--- START ---
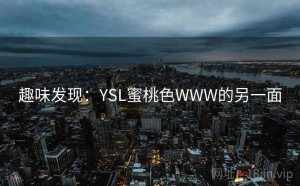 趣味发现：YSL蜜桃色WWW的另一面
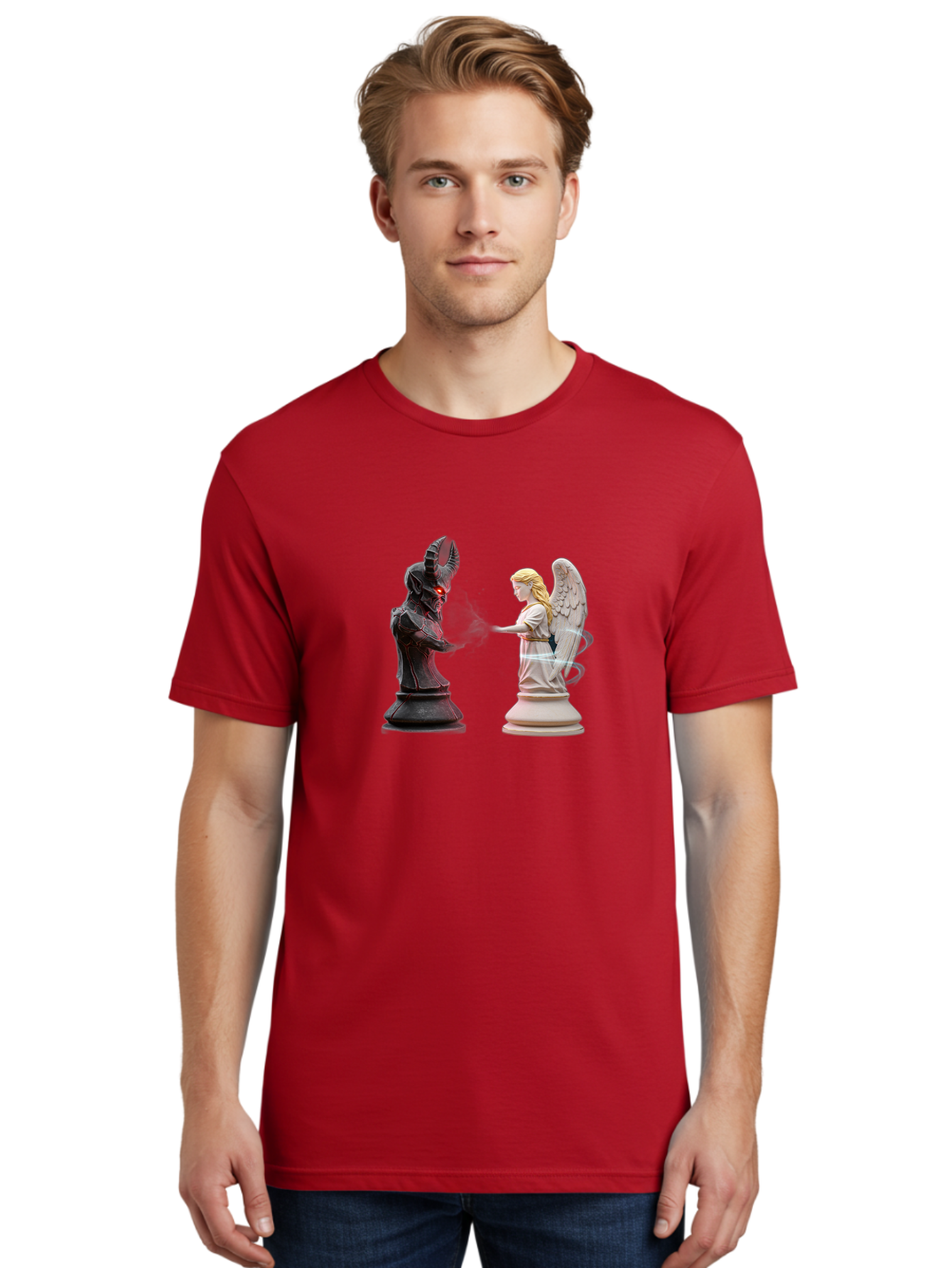 Angel-Vs-Demon-Chess Men'S Graphic Tee, 100% Cotton, Comfortable Casual Summer Wear, Machine Washable, Vintage Camera, Old Camera, Antique Camera, Black Camera, Classic Photography, Photography Equipment, Nostalgic Device, Film Camera, Bah425 21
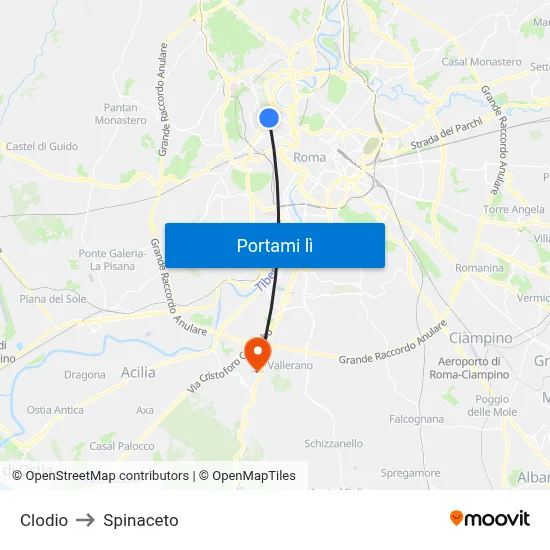 Clodio to Spinaceto map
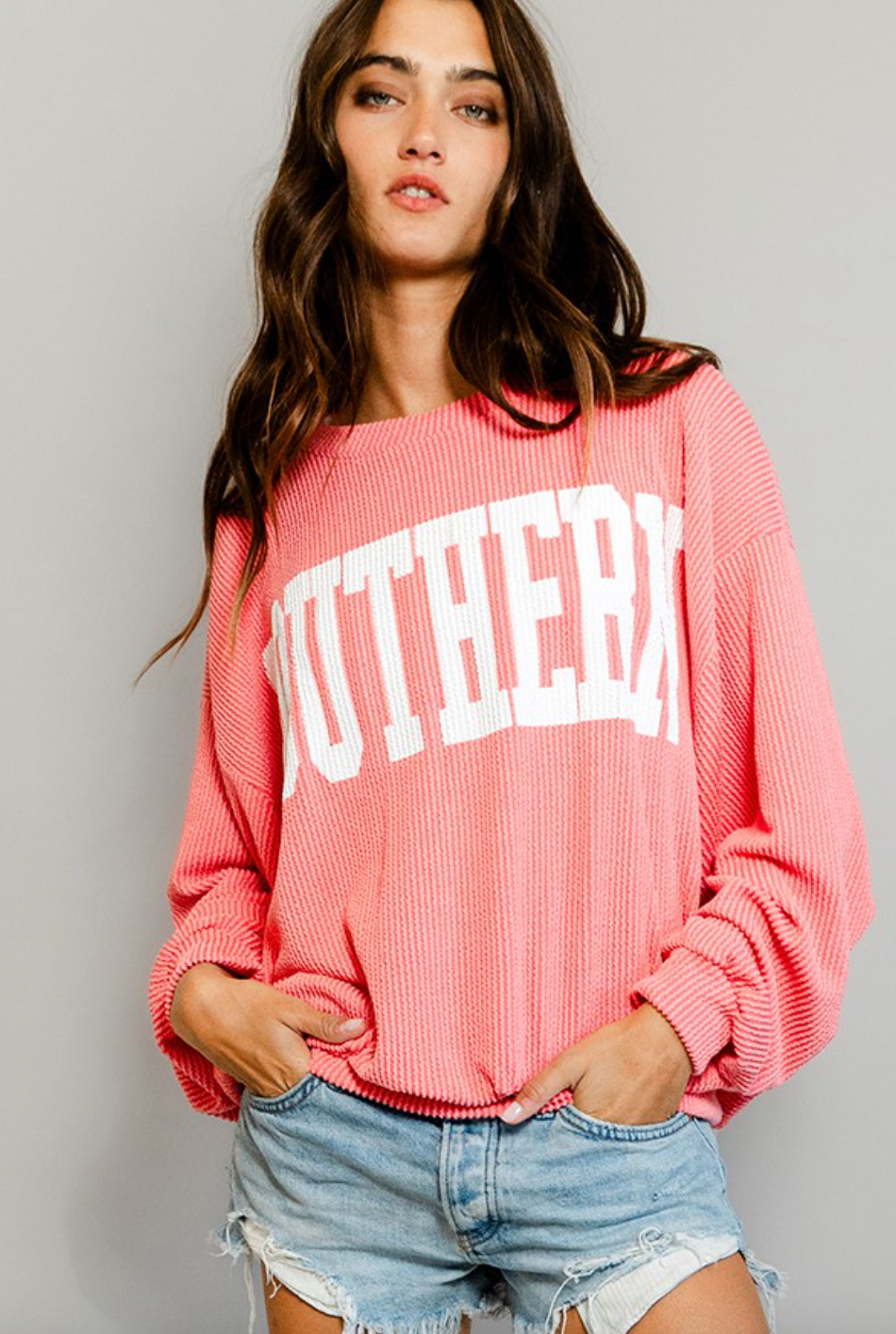 Southern Corded Sweatshirt Pink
--- END ---
- _TO DO_
Please reproduce the listing exactly from its opening line through the line that contains "Clodio to Spinaceto map", both included, with all pictures omitted.

- _RESULT OF THIS TASK_
 趣味发现：YSL蜜桃色WWW的另一面
 Angel-Vs-Demon-Chess Men'S Graphic Tee, 100% Cotton, Comfortable Casual Summer Wear, Machine Washable, Vintage Camera, Old Camera, Antique Camera, Black Camera, Classic Photography, Photography Equipment, Nostalgic Device, Film Camera, Bah425 21
 Clodio to Spinaceto map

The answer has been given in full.